• **Data for this exercise**
--

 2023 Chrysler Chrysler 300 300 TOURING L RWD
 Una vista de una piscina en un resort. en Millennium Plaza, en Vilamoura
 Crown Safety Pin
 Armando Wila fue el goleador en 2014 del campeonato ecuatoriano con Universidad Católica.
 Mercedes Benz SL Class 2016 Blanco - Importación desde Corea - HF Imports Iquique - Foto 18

--

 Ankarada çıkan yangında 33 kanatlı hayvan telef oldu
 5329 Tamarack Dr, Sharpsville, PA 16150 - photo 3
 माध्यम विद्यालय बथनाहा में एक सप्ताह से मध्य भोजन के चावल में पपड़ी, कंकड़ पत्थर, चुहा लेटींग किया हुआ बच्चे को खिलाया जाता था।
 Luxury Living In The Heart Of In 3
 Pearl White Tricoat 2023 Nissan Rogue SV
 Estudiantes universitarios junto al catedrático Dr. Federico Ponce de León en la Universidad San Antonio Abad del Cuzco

--

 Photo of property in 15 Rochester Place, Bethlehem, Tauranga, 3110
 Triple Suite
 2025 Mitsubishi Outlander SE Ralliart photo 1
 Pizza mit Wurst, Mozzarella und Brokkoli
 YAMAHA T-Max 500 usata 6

--

• **What needs to be done**
From the data above, copy each line that has the string "Universidad".

• **Response area**
 Armando Wila fue el goleador en 2014 del campeonato ecuatoriano con Universidad Católica.
 Estudiantes universitarios junto al catedrático Dr. Federico Ponce de León en la Universidad San Antonio Abad del Cuzco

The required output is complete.